With that in mind, let's see which stock looks like the better investment heading toward 2023.

McDonald's is growing

McDonald's wins the growth matchup. Comparable-store sales rose 10% this past quarter, while Starbucks expanded at a 7% rate globally. The burger giant also achieved higher customer traffic in each of its selling geographies. Starbucks, meanwhile, had to rely on increased prices to offset a 1% traffic decline.

McDonald's also boasts the stronger finances. Sure, profitability is declining right now thanks to rising costs. Operating profit margin dropped from the near 50% rate the company set a year ago, but the current 39% is far ahead of Starbucks' 19%. "We are operating from a position of competitive strength," McDonald's CEO Chris Kempczinski said in a press release.

Investors who prioritize cash flow will love Mickey D's stock, too. The company converts nearly all of its earnings into free cash flow each year, helping the company buy back stock and pay a dividend that's been growing for decades.

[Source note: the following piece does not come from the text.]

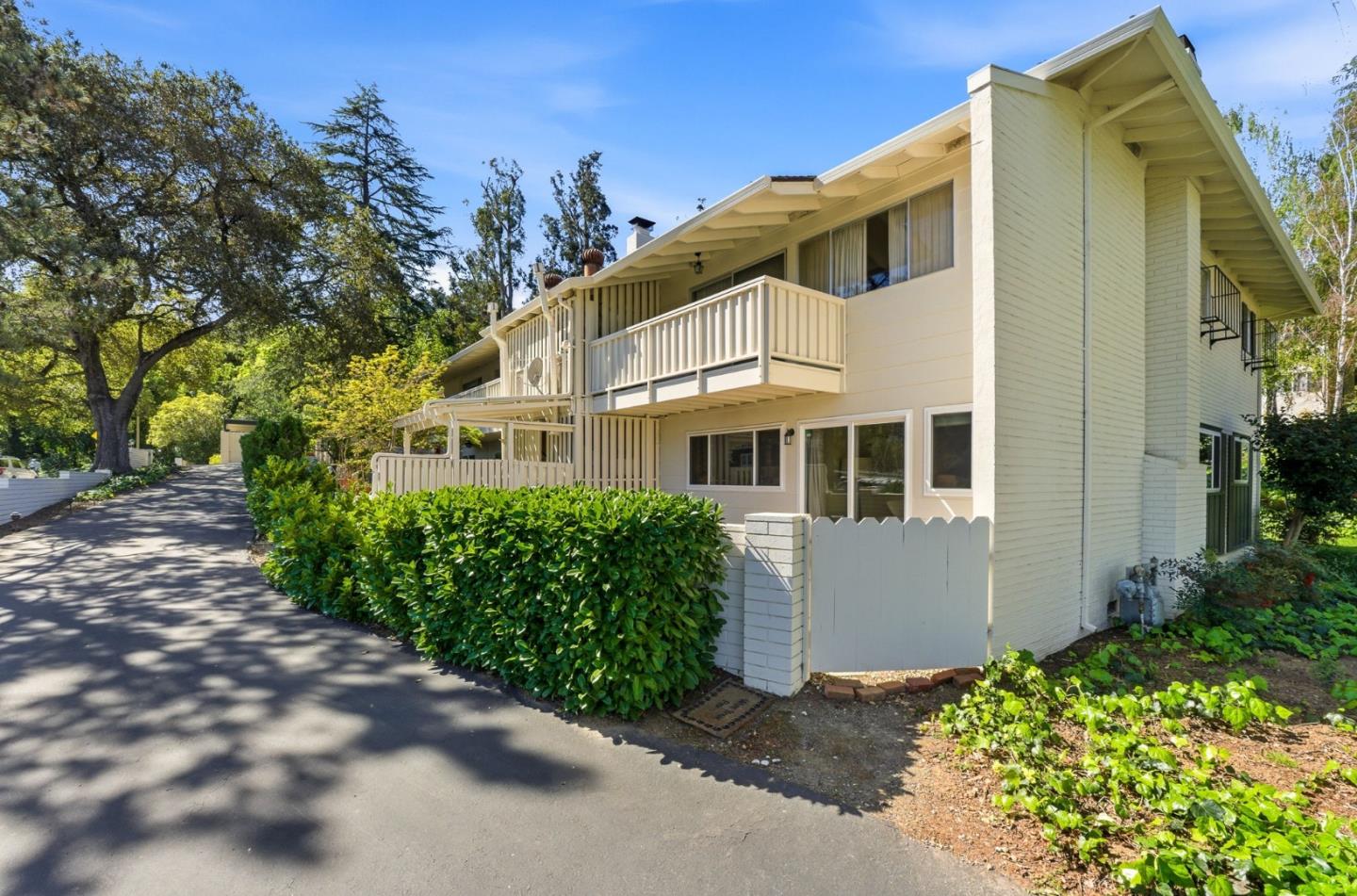 Detail Gallery Image 27 of 47 For 600 Pennsylvania Ave #14,  Los Gatos,  CA 95030 - 1 Beds | 1/1 Baths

Starbucks suspended its repurchase program in early April to free up cash for investments into the business.

Why buy Starbucks

Starbucks might be on the cusp of a lucrative operating rebound, though. The chain has seen accelerating demand in recent weeks, management said, thanks to more aggressive spending in areas like employee training, store upgrades, and the mobile ordering platform. Comps this past quarter were up 11% in the U.S. market compared to 9% in the previous quarter.

Starbucks' shares are less expensive, too. The stock is valued at 3.3 times sales right now after trading at nearly 5 times sales in early 2022. McDonald's valuation is close to its high for the year, meanwhile, at nearly 9 times annual sales.

The story is similar when you look at price-to-earnings multiples. An investor can own Starbucks for roughly 26 times the past year's earnings but will have to pay over 34 times earnings for McDonald's shares.

The better buy

That valuation gap would likely translate into better returns for Starbucks stock owners from here. But that bullish thesis comes with a big caveat.

The coffee giant is responding to major consumer demand shifts as customers prioritize things like to-go and drive-thru service, especially in rural areas. These are niches that Starbucks hasn't traditionally dominated. It is an open question as to whether the chain can enjoy pricing power and market strength in these arenas.

McDonald's, on the other hand, has demonstrated its ability to grow sales through a wide range of selling conditions. And it already maintains one of the most efficient drive-thru platforms on the market.

Restaurant stock investors who are comfortable with risk might prefer Starbucks stock today, with the expectation of improving operating trends ahead. If you like less volatility, and don't mind paying a premium, then McDonald's shares look attractive. The fast-food giant simply needs to continue capitalizing on its competitive assets -- as it has for decades -- to deliver solid investor returns.